Critique de Tootpadu

Même s'il n'en a pas l'air à première vue, ce deuxième long-métrage d'Abdellatif Kechiche est une observation subtile et pertinente de la violence en milieu urbain. Bien qu'il s'agisse la plupart du temps de violence verbale, il règne tout au long du film une certaine tension qui trouve son apogée justement lorsque les jeunes sont confrontés aux détenteurs du pouvoir, c'est-à-dire la police. Que cette séquence-là soit plus inquiétante que toutes les disputes d'avant montre bien à quel point, selon le film, le milieu des jeunes fonctionne raisonnablement tant qu'ils sont entre eux. Car le rôle des adultes est limité à des entités absentes (le père en prison) ou des accompagnateurs distants (la mère, la prof).
Place alors aux jeunes qui tchatchent sans arrêt, parfois sans rien dire (cf. la première séquence), qui s'insultent et qui se menacent, qui font leur petit marché afin d'arriver à leurs fins.
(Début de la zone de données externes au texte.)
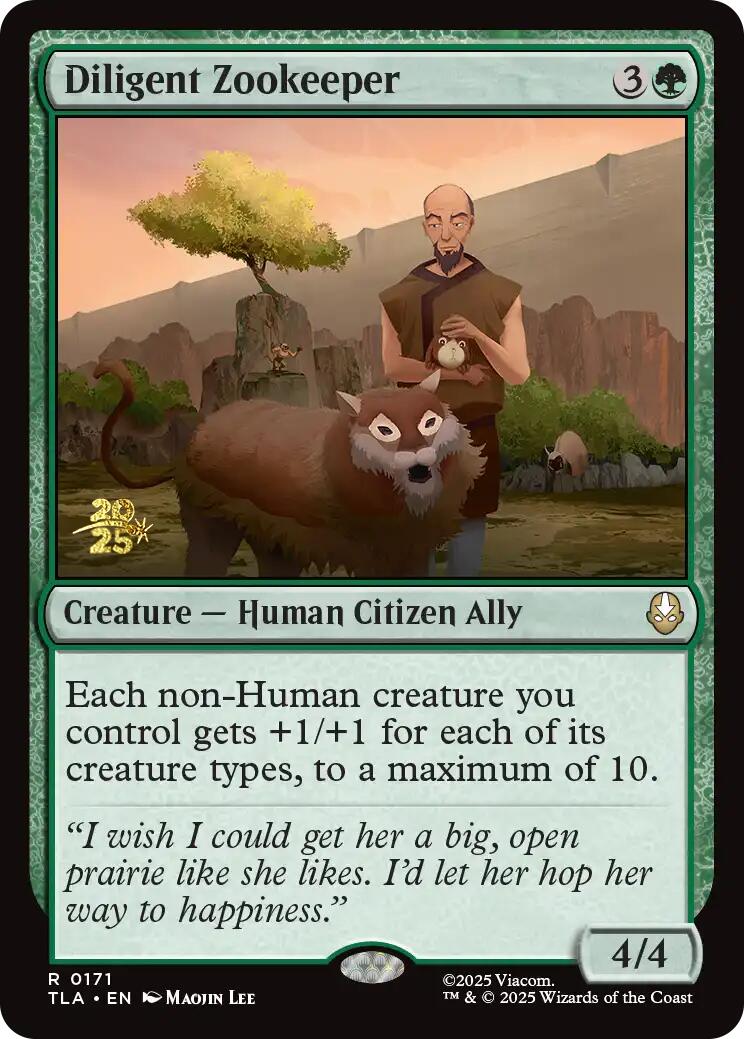 Diligent Zookeeper [Avatar: The Last Airbender Prerelease Cards] | Spectrum Games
Dans ce monde, dominé par la parole rapide et forte, le protagoniste Krimo dénote d'ailleurs en ce qu'il n'est pas un maître de l'expression, mais plutôt maladroit dans son approche de Lydia, indirectement dépendant de l'intervention des autres pour faire avancer cette histoire. Qu'il n'arrive pas à mener son projet à bien et que l'aide du copain a finalement l'effet inverse, voilà le drame d'un personnage introverti à qui la fin du film n'offre pas de solution facile.
A la façon du langage des banlieusards avec leur verlan, leurs expressions à la fois vulgaires et d'origine religieuse, débitées à tout va, la mise en scène a choisi une approche directe, écorchée de son sujet qui privilégie les gros plans ou, à l'opposé, de longues affrontements verbaux à l'air improvisé. Ne jugeant jamais ces jeunes, et sans apitoiement non plus, Kechiche a créé un film de banlieue sournoisement engagé et indubitablement revigorant.